“A new heart for a New Year, always!”
This Dickens quote does not have as familiar a ring as “God bless us, everyone!” from A Christmas Carol, but maybe it should have. The sentiment is core to The Chimes, Dickens’ festive follow-up to Carol’s phenomenal success, and the story that the author himself wanted to be remembered for.
The book’s original subtitle: ‘A Goblin Story of Some Bells that Rang an Old Year Out and a New Year In’ teases a tale that is like a spookier and more macabre It’s A Wonderful Life, as Toby ‘Trotty’ Veck is shown what might happen if he loses faith in humanity. Spoiler alert: really horrible things.
Those involved have been able to bring an accuracy and insight that we would not have had
While the fame of Scrooge, Tiny Tim and the ghosts of Christmases past, present and future eclipse The Chimes’ Trotty, his luckless daughter Meg, the dastardly Alderman Cute and the deliciously named Mr and Mrs Chickenstalker, a new production aims to shine the spotlight on Dickens’ message of championing the most vulnerable in society by involving the most vulnerable in society in the play.
Producer and director Judith Roberts explains why she wanted to involve people who have experienced homelessness.
“Meg, the young daughter, finds herself homeless without a roof above her head,” she says. “Rather than have actors pretend to have knowledge of what it is when you really have nowhere to go, we thought it was fitting that we would invite those who are striving to rebuild their lives to become part of the production.
“It has given it an integrity because they have been instrumental in scripting a couple of the scenes, feeding in the contemporary resonances and they have been able to bring an accuracy and insight that we would not have had.”
Roberts worked with organisations which support the homeless including The Wallich, Huggard, The Passage and St Mungo’s to invite some of their clients who have been involved in drama workshops to participate. The play is being staged in partnership with Chapter Arts Centre in Cardiff and London through December, with two groups of homeless people joining the ensemble in each city: 13 in Cardiff and 14 in London, some of whom Roberts first met back in August.
Since then, Roberts has witnessed a transformation taking place during rehearsals. “They are side by side with cast members and holding their own,” she says. “It seems like something Dickens would be happy we were doing. It is challenging, but it is a challenge that isn’t overwhelming; it’s one that they can rise to and enjoy.”

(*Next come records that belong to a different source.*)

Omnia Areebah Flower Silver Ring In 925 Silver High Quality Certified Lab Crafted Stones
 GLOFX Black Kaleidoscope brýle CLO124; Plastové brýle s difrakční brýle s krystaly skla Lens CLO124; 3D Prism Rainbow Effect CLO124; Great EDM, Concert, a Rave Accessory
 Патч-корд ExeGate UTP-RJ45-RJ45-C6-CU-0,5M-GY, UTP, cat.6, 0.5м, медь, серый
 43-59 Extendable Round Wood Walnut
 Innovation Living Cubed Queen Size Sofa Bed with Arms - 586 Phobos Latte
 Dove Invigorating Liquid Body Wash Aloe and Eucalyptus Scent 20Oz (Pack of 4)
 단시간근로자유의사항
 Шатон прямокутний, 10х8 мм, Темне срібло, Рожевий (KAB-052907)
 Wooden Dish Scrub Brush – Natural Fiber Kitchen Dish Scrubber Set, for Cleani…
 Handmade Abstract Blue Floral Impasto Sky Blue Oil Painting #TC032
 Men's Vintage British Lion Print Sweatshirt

The Big Issue magazine is a social enterprise, a business that reinvests its profits in helping others who are homeless, at risk of homelessness, or whose lives are blighted by poverty.
During rehearsals in Cardiff, Anthony is enjoying himself: “Big time!” he says.
“I do a lot of singing and I’m a dogsbody as well,” he explains. “It’s given me a purpose, it’s given me something to look forward to. And some discipline – you might not think so [seeing me in rehearsals] but I’m going to have to be bang on when it comes to it.”
Another cast member who has had experience of homelessness is John. Although Dickens was writing in 1844, John still recognises the world he depicted. “In many ways with technology and so on the world has changed, but as for the human condition, I think it’s potentially got worse,” he says.
“When Meg is at her lowest point it shows that anyone can get to a very dark place in their life. And it’s also about how your attitude and outlook can affect these things. It also highlights the absolute disparity between those who have and those who don’t have.”
Originally from the North East, John became homeless after a family breakdown.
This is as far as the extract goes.